Exercise goal:
Write out, word for word, each line from the start of the entries through the one holding "SKF VKJC 5429 Antriebswelle"; omit the pictures.

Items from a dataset
· · · ·

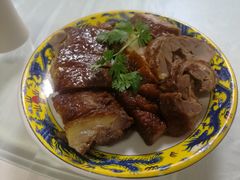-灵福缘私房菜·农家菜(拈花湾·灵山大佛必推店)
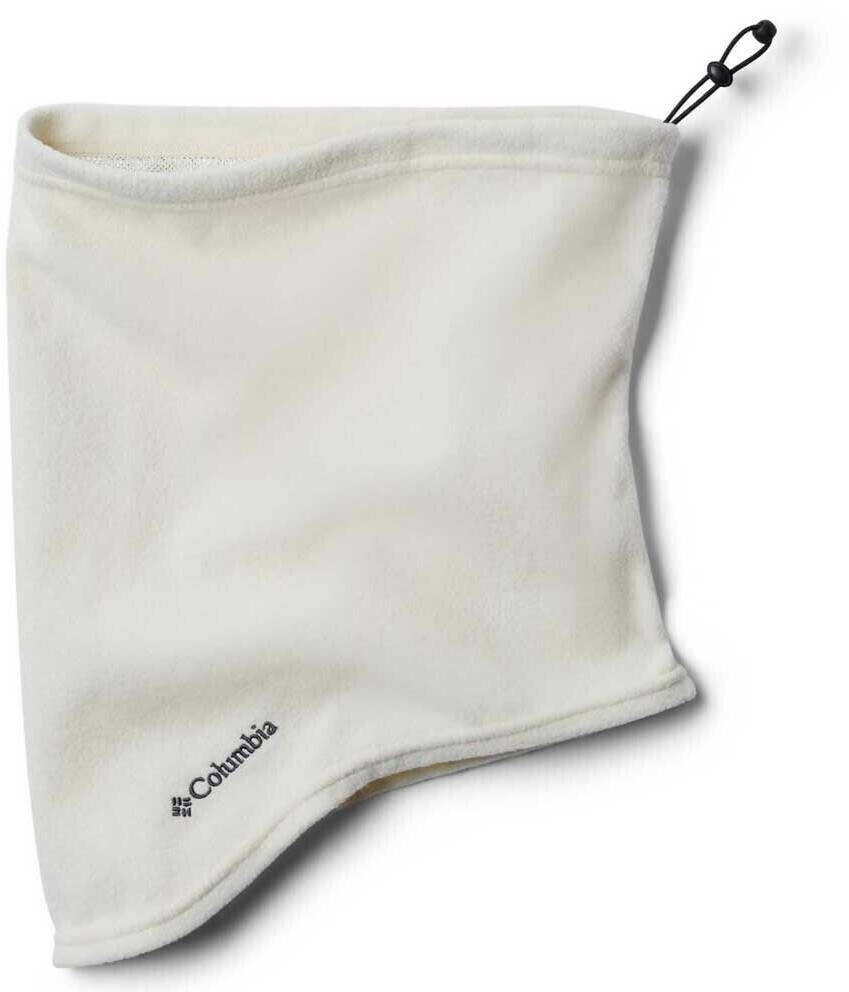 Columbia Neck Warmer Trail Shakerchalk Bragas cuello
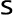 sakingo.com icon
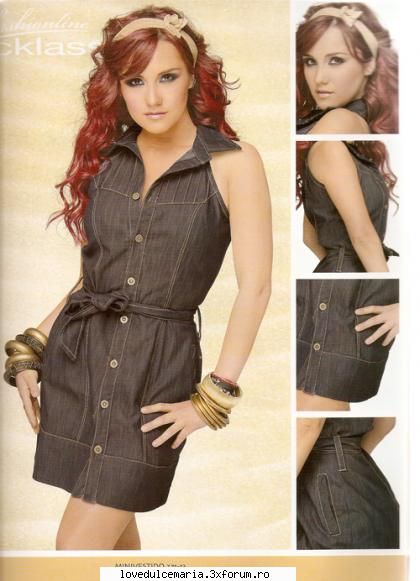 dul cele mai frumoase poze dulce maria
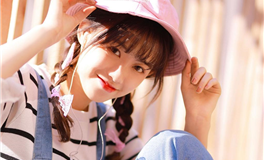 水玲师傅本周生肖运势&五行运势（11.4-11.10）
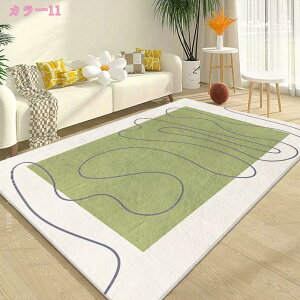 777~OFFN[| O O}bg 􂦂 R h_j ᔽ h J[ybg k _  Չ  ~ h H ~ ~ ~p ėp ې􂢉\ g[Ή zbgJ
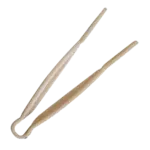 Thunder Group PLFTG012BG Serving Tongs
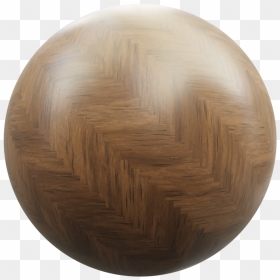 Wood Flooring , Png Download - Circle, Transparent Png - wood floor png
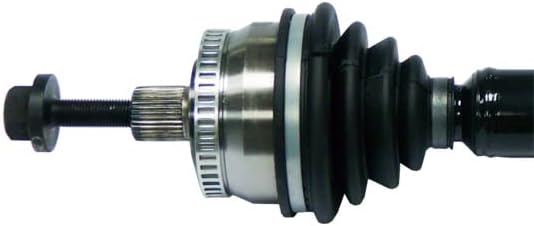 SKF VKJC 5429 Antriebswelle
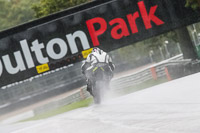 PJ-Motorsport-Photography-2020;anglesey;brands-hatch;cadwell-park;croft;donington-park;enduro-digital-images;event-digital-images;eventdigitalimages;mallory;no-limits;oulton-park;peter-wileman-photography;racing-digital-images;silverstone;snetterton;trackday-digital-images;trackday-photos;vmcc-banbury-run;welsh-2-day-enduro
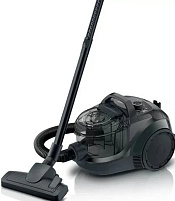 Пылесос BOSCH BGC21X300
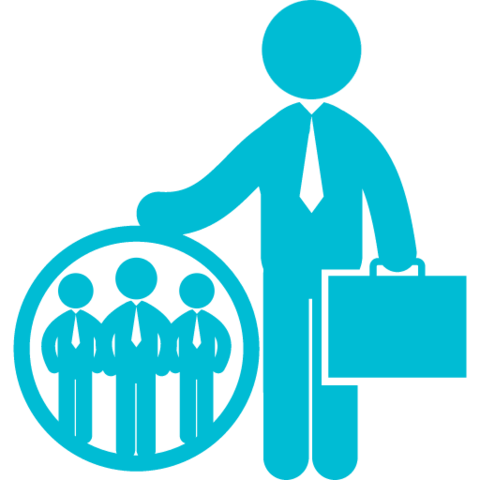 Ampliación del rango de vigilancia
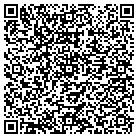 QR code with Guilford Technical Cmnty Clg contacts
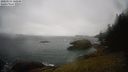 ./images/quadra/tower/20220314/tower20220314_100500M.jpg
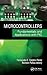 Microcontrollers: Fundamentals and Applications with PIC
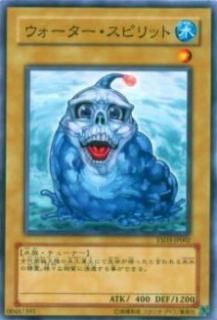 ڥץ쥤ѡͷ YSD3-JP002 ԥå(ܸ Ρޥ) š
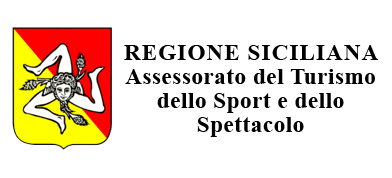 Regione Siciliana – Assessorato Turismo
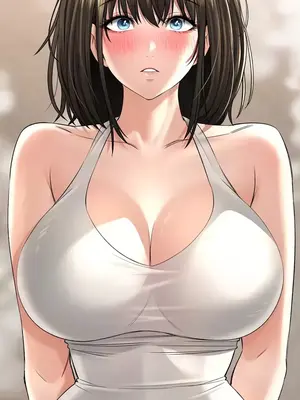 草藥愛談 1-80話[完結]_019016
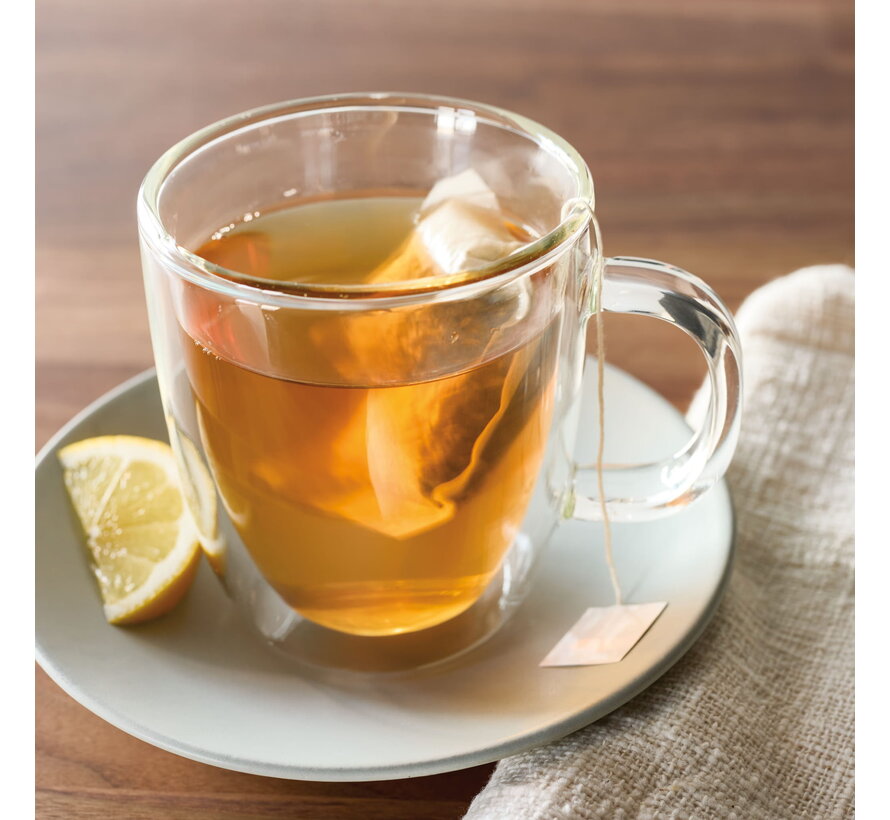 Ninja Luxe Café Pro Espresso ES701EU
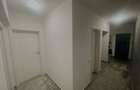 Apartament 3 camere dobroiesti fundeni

· · · ·

Solved problem:
-灵福缘私房菜·农家菜(拈花湾·灵山大佛必推店)
 Columbia Neck Warmer Trail Shakerchalk Bragas cuello
 sakingo.com icon
 dul cele mai frumoase poze dulce maria
 水玲师傅本周生肖运势&五行运势（11.4-11.10）
 777~OFFN[| O O}bg 􂦂 R h_j ᔽ h J[ybg k _  Չ  ~ h H ~ ~ ~p ėp ې􂢉\ g[Ή zbgJ
 Thunder Group PLFTG012BG Serving Tongs
 Wood Flooring , Png Download - Circle, Transparent Png - wood floor png
 SKF VKJC 5429 Antriebswelle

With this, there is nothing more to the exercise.